> _WHAT IS REQUIRED_:
Repeat every line from the line containing "метадон Славянск-на-Кубани" to the end of the data, exactly. Leave the pictures out.

[Captioned web image data]

::::

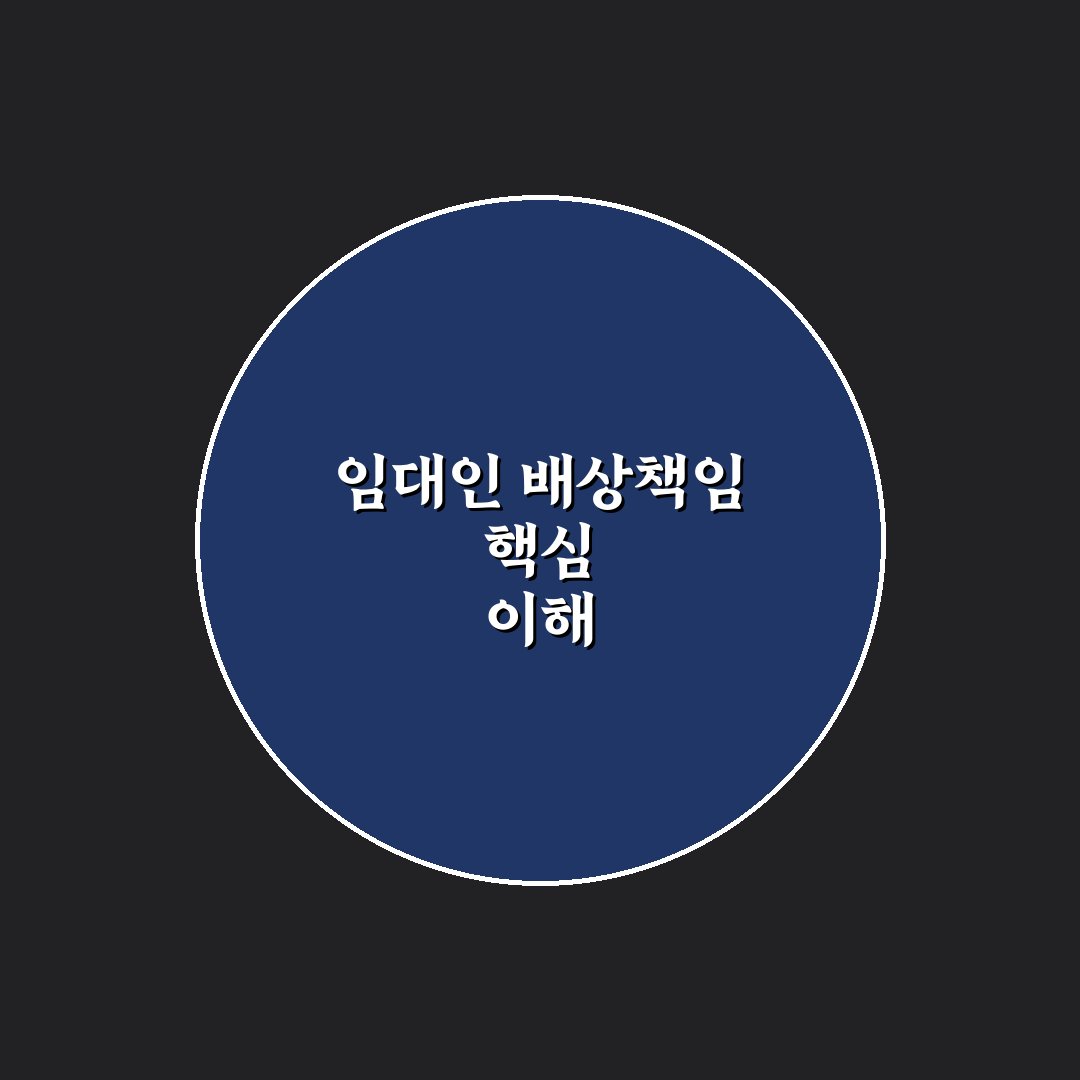임대인 배상책임보험 선택 기준과 5가지 체크포인트 비교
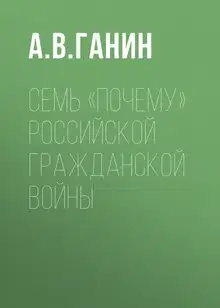 Семь «почему» российской Гражданской войны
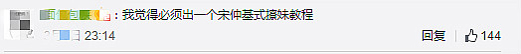 网友回复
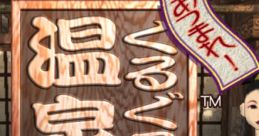 Atsumare! Guruguru Onsen あつまれ！ぐるぐる温泉 - Video Game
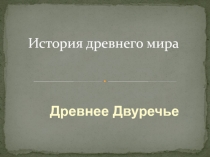 История древнего мира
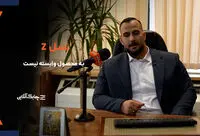 نسل جدید کاربران اپلیکیشن ها به یک محصول وابسته نیستند+ فیلم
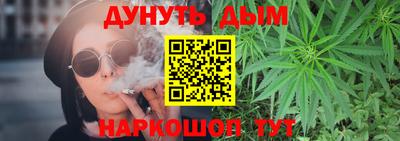 метадон Славянск-на-Кубани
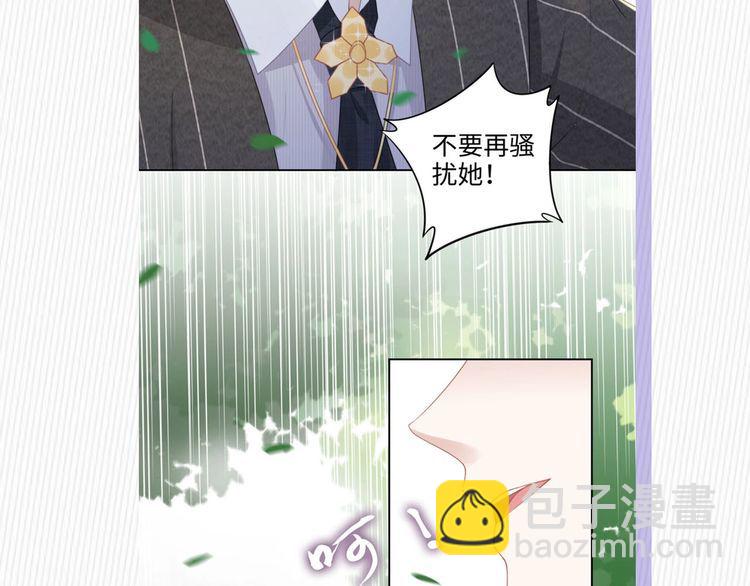 權少，你老婆要跑了 - 第228話 這一次會保護你(2/2) - 2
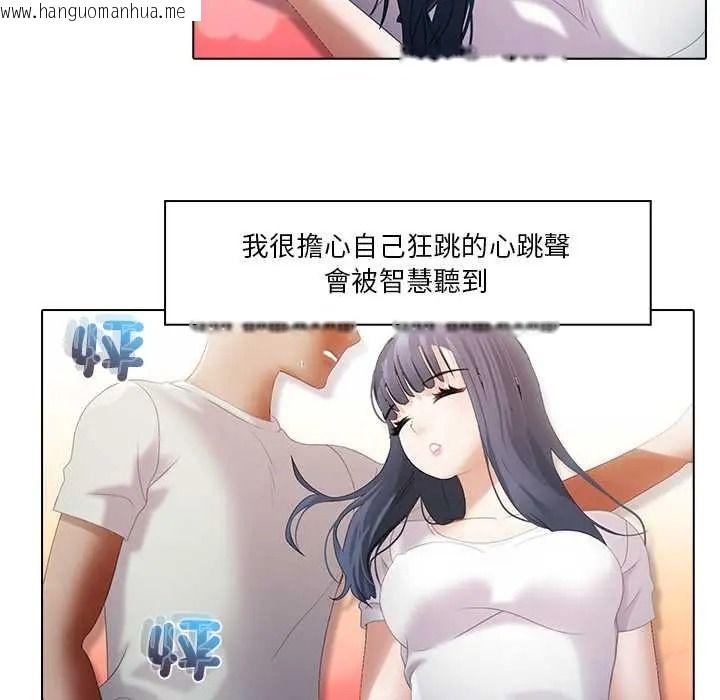 韩国漫画当时间静止后韩漫_当时间静止后-第9话在线免费阅读-韩国漫画-第10张图片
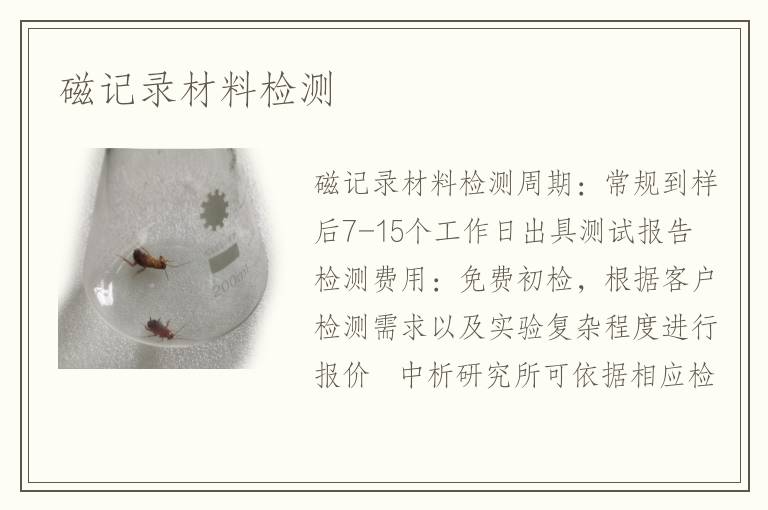 磁记录材料检测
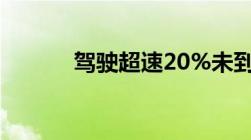 驾驶超速20%未到5O%扣几分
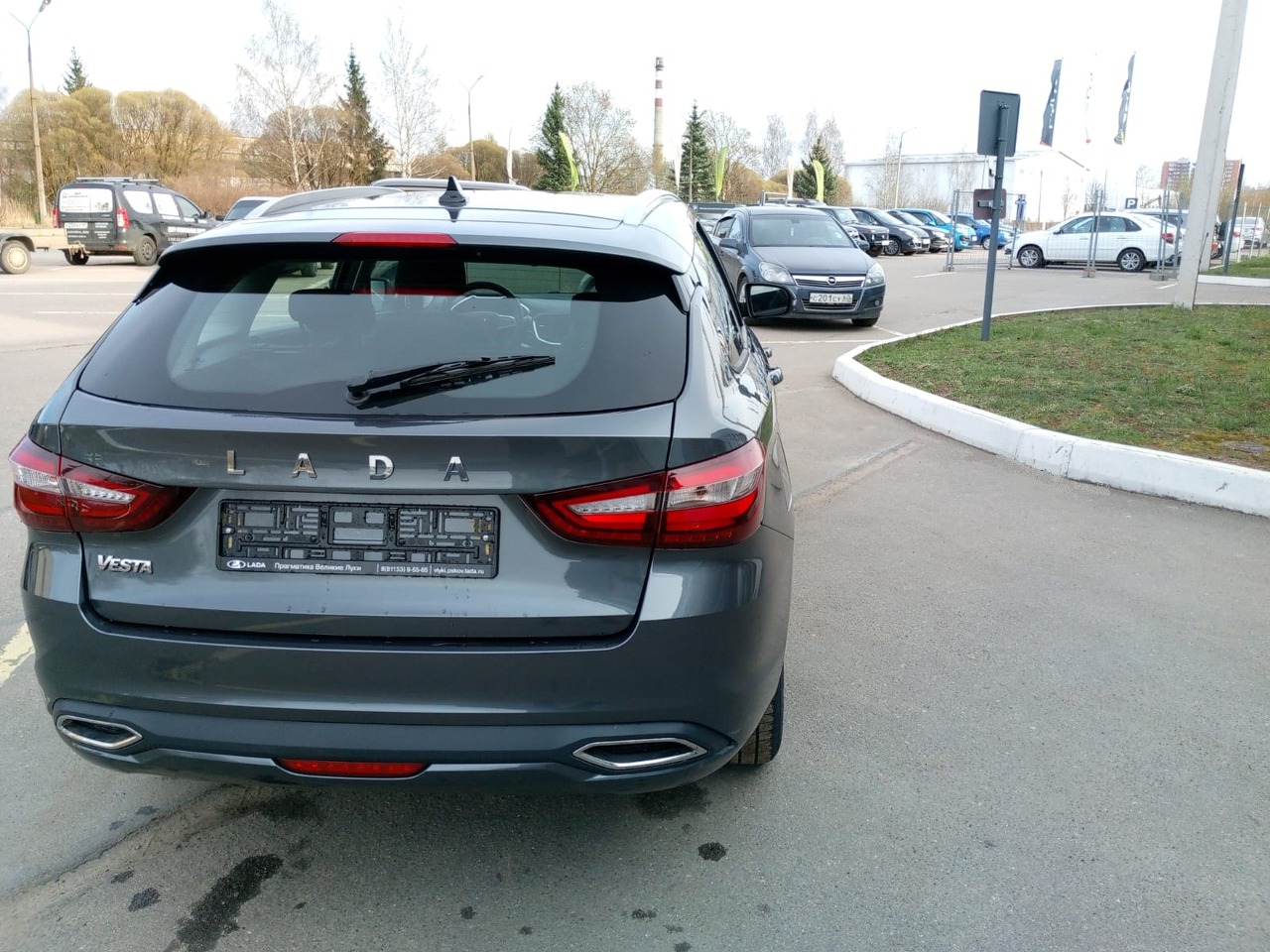 Легковой автотранспорт - LADA Vesta SW 1.6 CVT (106 л.с.)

::::

> _ANSWER TO THIS PROBLEM_:
 метадон Славянск-на-Кубани
 權少，你老婆要跑了 - 第228話 這一次會保護你(2/2) - 2
 韩国漫画当时间静止后韩漫_当时间静止后-第9话在线免费阅读-韩国漫画-第10张图片
 磁记录材料检测
 驾驶超速20%未到5O%扣几分
 Легковой автотранспорт - LADA Vesta SW 1.6 CVT (106 л.с.)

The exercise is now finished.